Hopefully, with the somewhat excessive comments, the main thing I should describe is the stored products. Here's the picture that gave me the idea, d_i is d&#91;i&#93;:
<pre>0: d_0*d_1  d_2*d_3  d_4
1:     d_1  d_2*d_3  d_4*d_5
2:          d_2*d_3  d_4*d_5  d_6
3:              d_3  d_4*d_5  d_6*d_7
4:                   d_4*d_5  d_6*d_7  d_8</pre>
On the left we have the variable idx, increasing from 0, and we show the terms that get multiplied together to determine the product for the substring starting at idx. Notice that, e.g., from idx=1 to idx=2, four of the terms are unchanged. And then from idx=3 to idx=4, same thing. My variable "quad" in the code above stores these products. Notice, furthermore, that to get from the quad for idx=2 to the quad for idx=3, we keep a pair (d_4*d_5, for this particular idx change). Instead of re-calculating that product yet again, we store that product (as "pair"), and then to get the next quad, we can multiply this pair by the next one (which would be d_6*d_7, continuing on).

If we keep track of quads and pairs this way, they only change when we get to an odd value for "idx". My original code didn't wrap things in the try block, and within the while loop just tested the parity of "idx" to decide about updating values or not. But that's a lot of testing, so I thought I'd just take care of idx and idx+1 at the same time, starting with an even idx. But then you might run into trouble at the very end, because you try indexing the idx+5 position in the string, which might not be there (it might be the length of the string, one too far). Well, I could put test code back in my while loop to avoid this issue, but it'll pass every time except possibly once. So I realized I could just wrap the entire while loop in the try block (obtaining the code above), and if we index out of range, we knew we were done anyway, so there's no real harm.
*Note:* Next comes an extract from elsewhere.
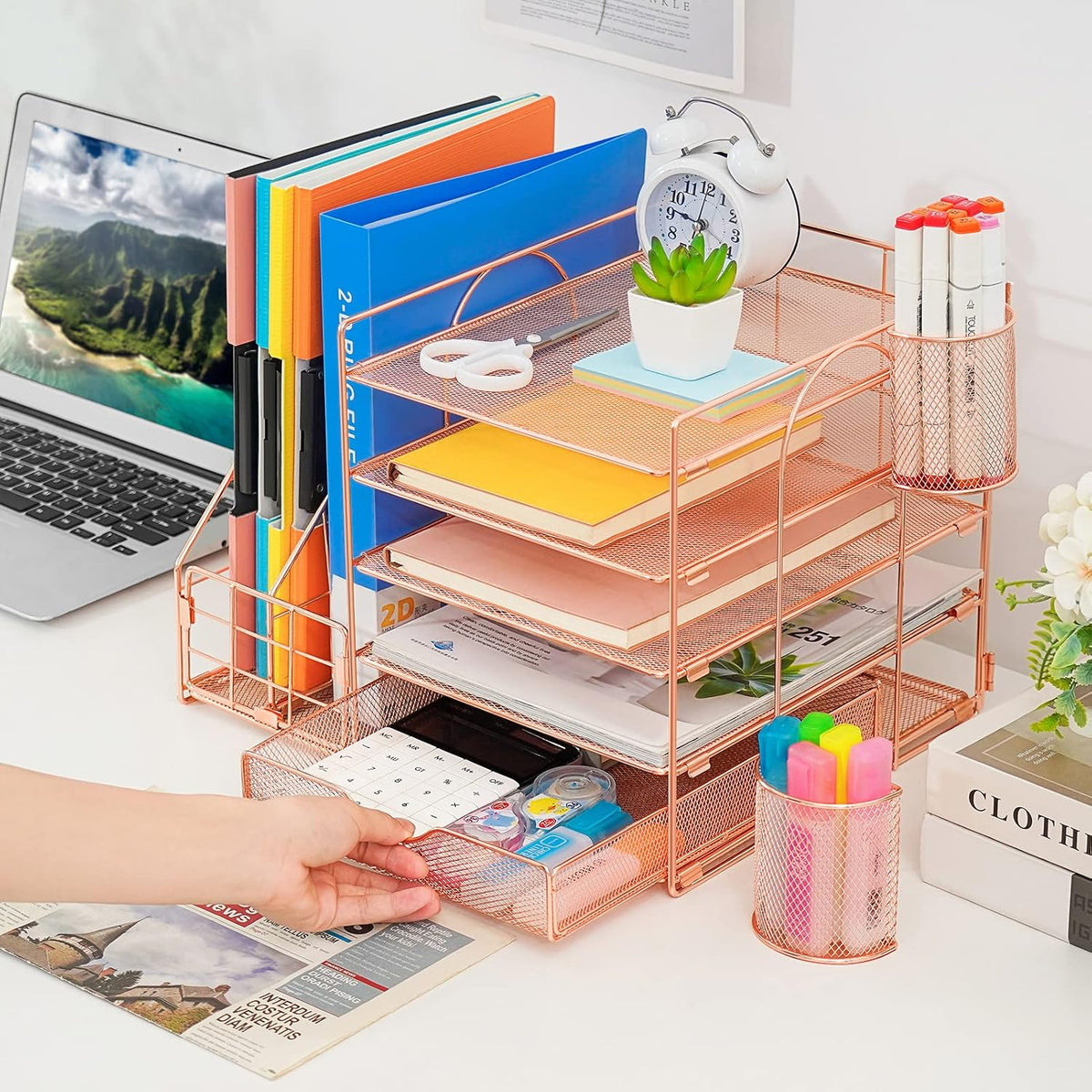 Desk Organizer with File Holder, 5-Tier Paper Letter Tray Organizer with Drawer and 2 Pen Holder, Mesh Desktop Organizer and Storage with Magazine Holder for Office Supplies(Black)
I tried keeping track of how many multiplications this does, based on the input string, and comparing to some of my other solutions. The original solution I posted, which doesn't remember any saved values, does approximately 4 times the string length multiplications. This newer code does approximately 2 times the string length multiplications.
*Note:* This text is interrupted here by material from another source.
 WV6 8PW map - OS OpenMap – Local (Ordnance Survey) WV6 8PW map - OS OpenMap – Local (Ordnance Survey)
I don't have any sweet performance comparison graphs for you this time, but my little bit of testing indicates that this new solution is approximately 5-6 times faster than my first solution.
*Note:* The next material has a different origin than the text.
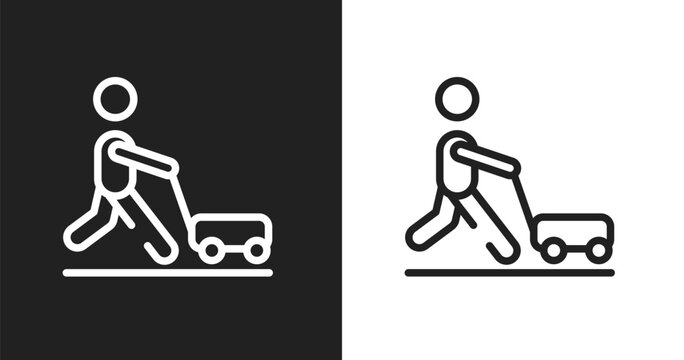 Farming and gardening icon. Linear black, white icon from soccer collection. Outline farming and gardening vector. Thin line symbol isolated on white and black background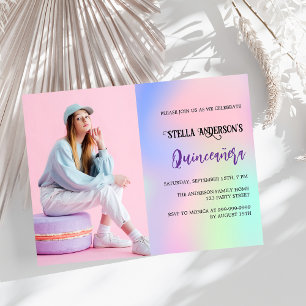 Pink purple holographic photo budget Quinceanera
I'd still love to get a good generalization of this, taking products of substrings of length other than 5...

In the mean time, I'll post yet another solution. I've been thinking very hard about what products to store, because I want to avoid doing too many multiplications. An unstated goal was that I also wanted to do no divisions, for some reason deciding that this is a slow operation. Of course, if you allow divisions, the process is much simpler, and easier to generalize. To get from the product starting at idx, to the product starting at idx+1, you just divide by the digit at idx, and multiply by an end digit (idx+4 in the problem, but idx+len-1 for length len substrings). I realized, while I was writing this post for the solution above, that I'd never bothered coding this solution up, and that I really should, to see how it compared. In the code above, we just replace the for loop, over blocks, with the following code:

for b in blocks:
    d = map(int, b)

    p = d[0]*d[1]*d[2]*d[3]
    f = 1 # the "first digit" of the previous product

    for idx in xrange(0,len(b)-5+1):
        p = p // f # pull off old first digit
        p *= d[idx+4] # tack on new last digit
        f = d[idx] # update first digit
        ret = max(ret, p)

That’s not only quicker to write, easier to understand, and easier to generalize, it’s faster as well! Not a lot faster, but seems to be perhaps about 10% faster than the first solution above. Silly me.